*EXERCISE INSTRUCTIONS:* Every line of the data below that holds the string "Yellow" needs to be reported.
....................
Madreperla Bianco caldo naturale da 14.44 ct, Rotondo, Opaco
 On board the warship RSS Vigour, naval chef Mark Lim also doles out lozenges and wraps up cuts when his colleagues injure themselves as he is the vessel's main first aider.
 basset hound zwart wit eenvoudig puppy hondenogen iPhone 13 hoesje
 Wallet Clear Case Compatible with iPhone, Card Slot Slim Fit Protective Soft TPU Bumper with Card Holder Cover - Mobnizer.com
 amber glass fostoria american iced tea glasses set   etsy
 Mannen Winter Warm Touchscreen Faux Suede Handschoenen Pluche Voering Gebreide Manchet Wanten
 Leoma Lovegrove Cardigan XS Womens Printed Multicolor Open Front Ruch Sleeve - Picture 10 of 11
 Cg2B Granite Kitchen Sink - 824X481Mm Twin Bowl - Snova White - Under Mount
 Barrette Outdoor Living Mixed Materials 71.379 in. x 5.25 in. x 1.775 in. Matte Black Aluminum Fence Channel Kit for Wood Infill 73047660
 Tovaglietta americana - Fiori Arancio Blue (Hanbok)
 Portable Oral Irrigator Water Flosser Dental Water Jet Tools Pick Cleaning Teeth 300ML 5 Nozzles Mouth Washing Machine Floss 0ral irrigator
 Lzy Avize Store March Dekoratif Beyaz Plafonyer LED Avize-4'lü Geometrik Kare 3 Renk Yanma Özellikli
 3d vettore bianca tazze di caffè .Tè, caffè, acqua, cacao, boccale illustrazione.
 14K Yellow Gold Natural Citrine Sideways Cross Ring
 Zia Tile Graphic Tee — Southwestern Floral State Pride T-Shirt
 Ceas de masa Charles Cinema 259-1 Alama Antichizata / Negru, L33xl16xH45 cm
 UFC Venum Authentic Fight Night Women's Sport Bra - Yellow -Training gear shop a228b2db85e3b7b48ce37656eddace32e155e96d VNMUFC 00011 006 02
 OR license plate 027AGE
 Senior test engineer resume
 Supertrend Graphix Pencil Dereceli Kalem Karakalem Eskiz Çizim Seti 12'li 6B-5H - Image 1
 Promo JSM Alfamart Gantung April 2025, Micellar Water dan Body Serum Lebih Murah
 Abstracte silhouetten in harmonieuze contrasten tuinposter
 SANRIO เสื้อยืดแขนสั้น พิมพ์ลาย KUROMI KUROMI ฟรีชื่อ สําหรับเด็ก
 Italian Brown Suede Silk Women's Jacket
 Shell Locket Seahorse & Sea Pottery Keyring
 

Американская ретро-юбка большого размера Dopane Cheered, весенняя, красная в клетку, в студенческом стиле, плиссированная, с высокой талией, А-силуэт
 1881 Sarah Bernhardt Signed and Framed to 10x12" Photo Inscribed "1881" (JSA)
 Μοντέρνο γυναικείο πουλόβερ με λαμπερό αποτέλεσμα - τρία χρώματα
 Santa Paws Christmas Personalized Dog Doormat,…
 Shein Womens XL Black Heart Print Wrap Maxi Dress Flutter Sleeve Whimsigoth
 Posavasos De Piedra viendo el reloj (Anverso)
....................
*EXPECTED ANSWER:*
 14K Yellow Gold Natural Citrine Sideways Cross Ring
 UFC Venum Authentic Fight Night Women's Sport Bra - Yellow -Training gear shop a228b2db85e3b7b48ce37656eddace32e155e96d VNMUFC 00011 006 02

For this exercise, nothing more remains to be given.